Le persone che sono aperte a stimoli meno visibili (ad esempio, l’orientamento sessuale) al lavoro sono meno stressate, più felici, più sane e più produttive dei loro coetanei che rimangono “chiusi” sulla discussione di stimmi meno visibili, secondo una recente meta-analisi di 65 diversi studi.

Questo documento, “Risultati dell’espressione dello stigma e condizioni al contorno: una meta-analisi”, è attualmente disponibile online e sarà pubblicato in una prossima edizione del Journal of Business and Psychology .

Questa meta-analisi di 65 studi è stata uno sforzo collaborativo tra sette ricercatori di varie istituzioni accademiche negli Stati Uniti. Questa squadra ha incluso i coautori Isaac Sabat della Texas A & M University; Alex Lindsey e Kristen Jones dell’Università di Memphis; Eden King of Rice University; Carolyn Winslow della University of California, Berkeley; Ashley Membere della George Mason University; e Nicholas Smith della Portland State University.

Gli autori descrivono perché l’espressione dello stigma è una questione così complicata: “La decisione di esprimere un’identità stigmatizzata all’interno e all’esterno del luogo di lavoro è molto complessa, con il potenziale per risultati sia negativi che positivi. Questa meta-analisi esamina i risultati di lavoro e non sul posto di lavoro intrapersonale e interpersonale di impegnarsi in questa strategia di gestione delle identità “.

In particolare, i ricercatori hanno scoperto che quelli con uno stigma meno visibile (che non era automaticamente evidente) che hanno scelto di condividere le “fessure della propria armatura” con i colleghi avevano maggiori probabilità di sperimentare risultati positivi.

Quelli con uno stigma occultabile – che hanno scelto di non nascondere la loro vera identità al lavoro – erano più produttivi sul posto di lavoro e più felici con le loro vite complessive. “I lavoratori che hanno espresso le loro stigmate non visibili hanno sperimentato una diminuzione dell’angoscia di lavoro, una diminuzione dell’ambiguità di ruolo, una migliore soddisfazione sul lavoro e un maggiore impegno verso la loro posizione”, hanno detto gli autori in una nota.

Tuttavia, in una svolta sorprendente, Sabat, Lindsey, King e colleghi hanno scoperto che gli stessi risultati positivi nell’esprimere apertamente stimmi meno visibili al lavoro non si applica necessariamente a quelli con tratti visibili che potrebbero portare qualche stigma come razza, genere o disabilità fisica.

“Le identità che sono immediatamente osservabili operano in modo diverso rispetto a quelle che sono occultate”, ha detto in una dichiarazione il co-autore Eden King. “Lo stesso tipo di decisioni difficili sull’opportunità o meno di rivelare l’identità – per non parlare delle domande a chi, come, quando e dove divulgare quelle identità – sono probabilmente meno centrali delle loro esperienze psicologiche. Inoltre, le persone reagiscono negativamente a coloro che esprimono o richiamano l’attenzione su stigmi che sono chiaramente visibili agli altri, come razza o genere, in quanto ciò può essere visto come una forma di difesa o di orgoglio accresciuto nella propria identità. ”

“La decisione di esprimere un’identità stigmatizzata è molto complicata”, ha ribadito la Rice. I ricercatori sottolineano che è necessaria più ricerca per comprendere appieno le conseguenze positive e negative – nonché le motivazioni prosociali – per esprimere stimmi sia visibili che meno visibili.
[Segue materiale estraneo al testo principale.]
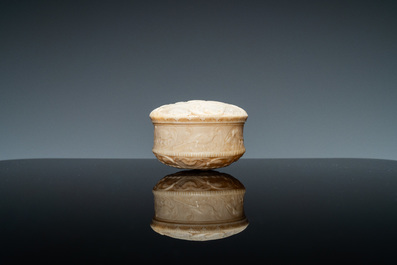 An ivory box and cover with a boy sitting by a water well, 18th C.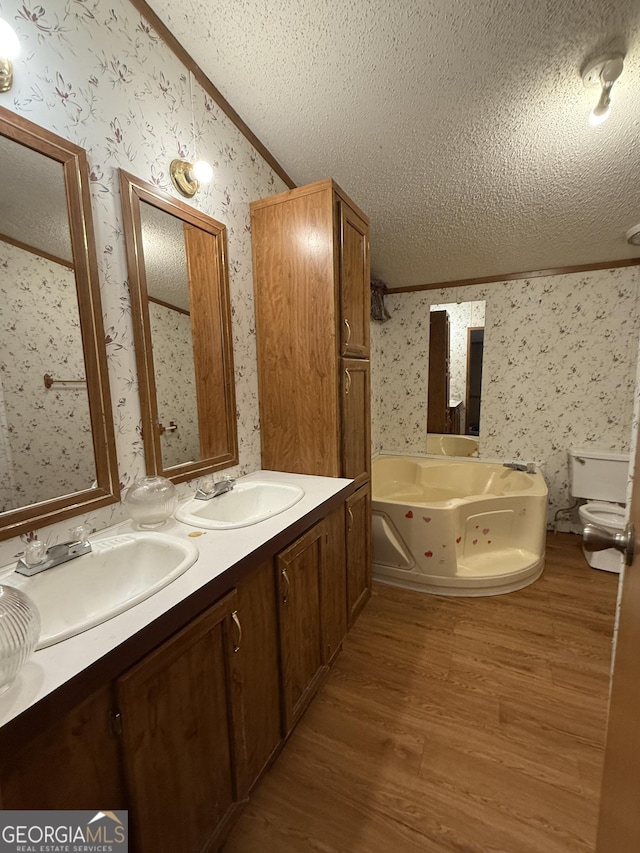 bathroom with toilet, vaulted ceiling, a textured ceiling, a bathtub, and hardwood / wood-style floors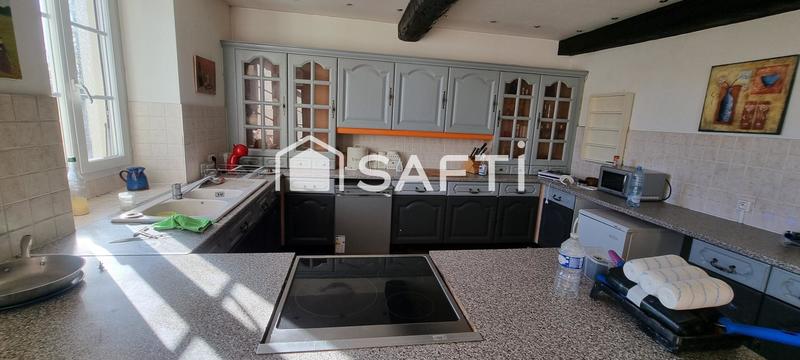 Maison - 240 m² - 7 pièces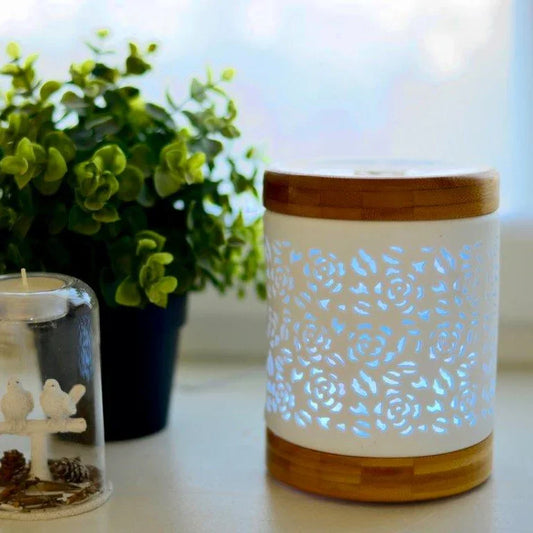 Keramische cilindervormige diffuser met bamboe deksel en witte bloemenpatroon, naast kaars en groen plantje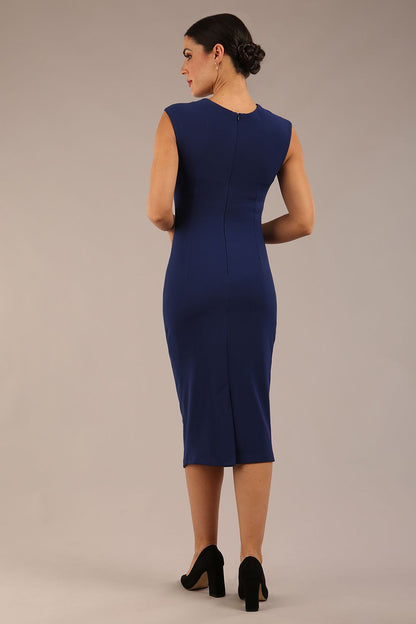 model is wearing a diva catwalk sleeveless dress with round neckline with pleating details and knee length in navy blue colour front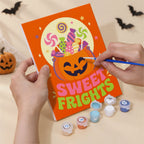 Hand holding a Sweet Frights mini canvas while painting the details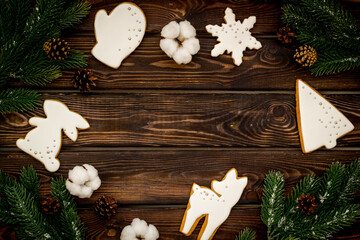 Frame of white Christmas cookies with fir tree branches. New Year background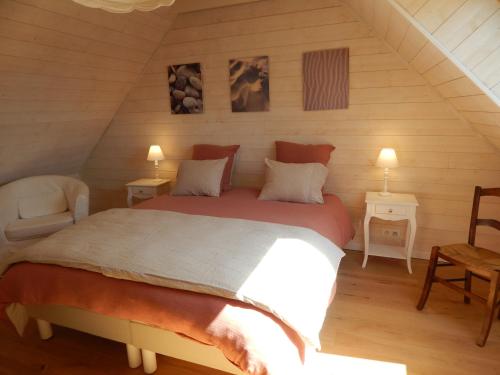 a bedroom with a large bed in a attic at Balade Océane in Loctudy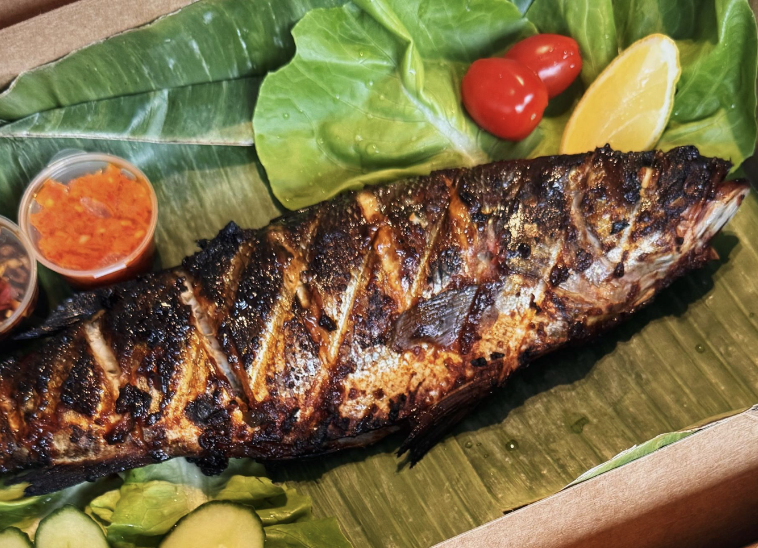 Charcoal-grilled Seabass on banana leaf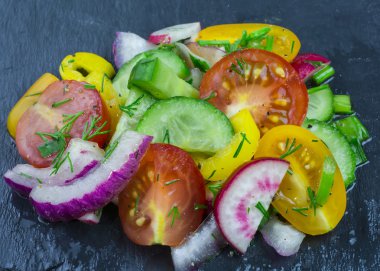 Dikey siyah taş tabakta sebze salatası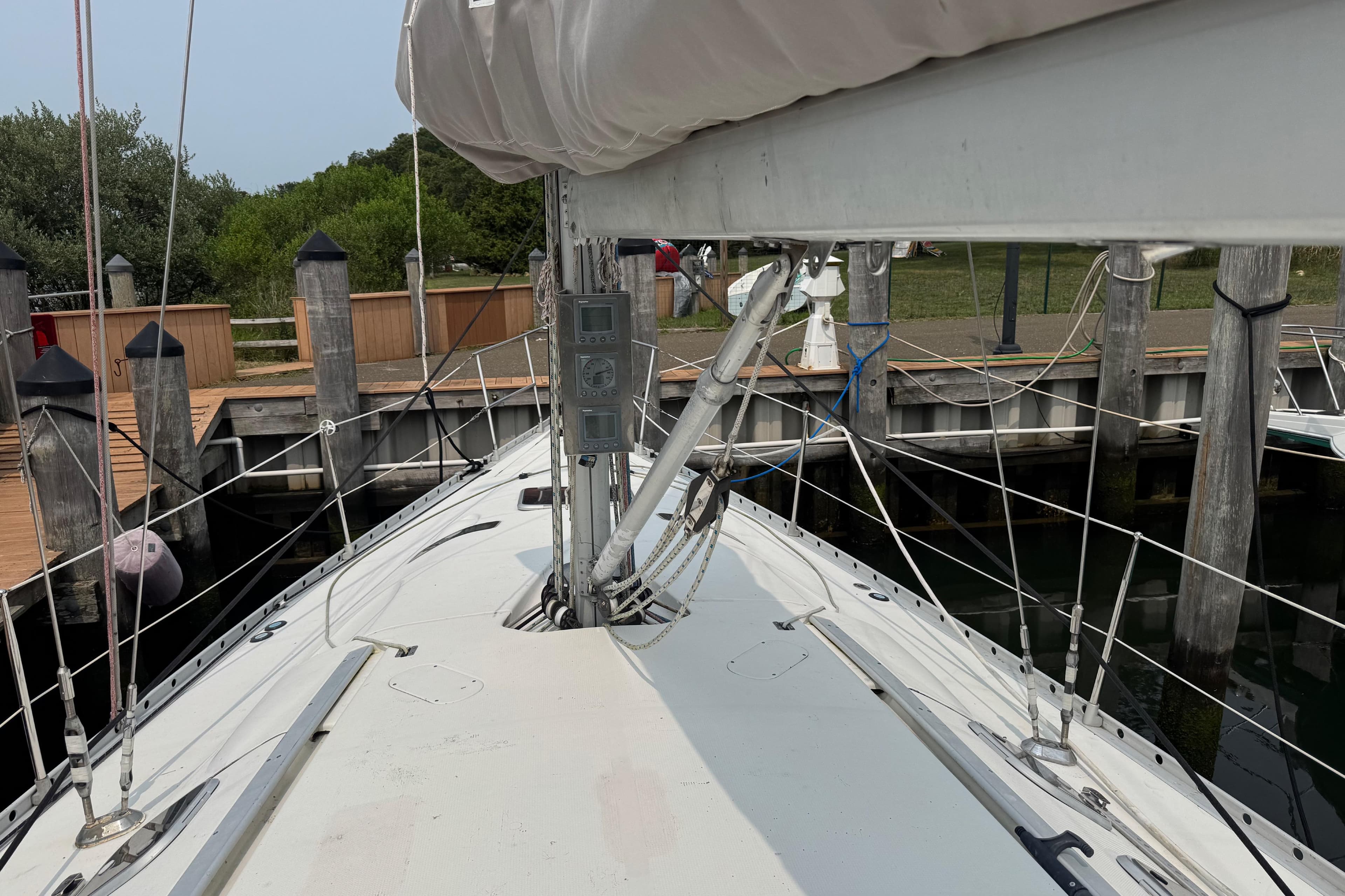 1989 Beneteau First 41s5 sailboat docked, showing deck and rigging details.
In definitiva, i ricercatori sperano che la loro meta-analisi (Sabat, Lindsey, King et al., 2019) su ciò che accade dopo che le persone in un ambiente di lavoro rivelano un’identità stigmatizzata “aiuterà i luoghi di lavoro e i responsabili politici a proteggere le persone con stigmi dalla discriminazione“.

Come membro della comunità LGBTQ, questa meta-analisi di 65 studi sui potenziali lati positivi e negativi di essere “il tuo vero sé autentico” negli ambienti di lavoro e non lavorativi ha risuonato con me a livello personale. La mia esperienza di vita corrobora le complessità portate alla luce dalla recente meta-analisi sulle espressioni dello stigma e perché non è sempre consigliabile discutere apertamente di tratti potenzialmente stigmatici.

Esempi autobiografici dei pro e contro della divulgazione di stimmi meno visibili pubblicamente

La seguente sezione di questo post è una narrazione in prima persona che condivide alcune storie autobiografiche di come ho beneficiato di venire agli altri nella comunità gay durante l’adolescenza. E, dall’altra parte, perché non mi pento della mia decisione di rimanere nell’armadio e non “uscire da me” a casa o a scuola nei primi anni ’80.

Il 3 luglio 1981, il New York Times riferì involontariamente sui primi avvertimenti della pandemia di AIDS in un articolo, “Il cancro raro visto in 41 omosessuali”. Il 24 settembre 1982, il CDC usò per la prima volta il termine “AIDS” (Immunitario acquisito Sindrome da carenza). Il Times pubblicò la sua prima storia in prima pagina che menzionava l’AIDS, “Il capo della salute chiama la battaglia contro l’AIDS” No. 1 Priorità “,” il 25 maggio 1983.

Come adolescente gay chiuso nei primi anni ’80, l’apprendimento progressivo di questo misterioso virus e di malattie mortali mi ha riempito di ansietà paralizzante. Ancora più terrificante della mia paura interiore e intrapersonale dell’HIV / AIDS è stato il drammatico picco nell’omofobia nazionale e la denigrazione degli omosessuali in questa era.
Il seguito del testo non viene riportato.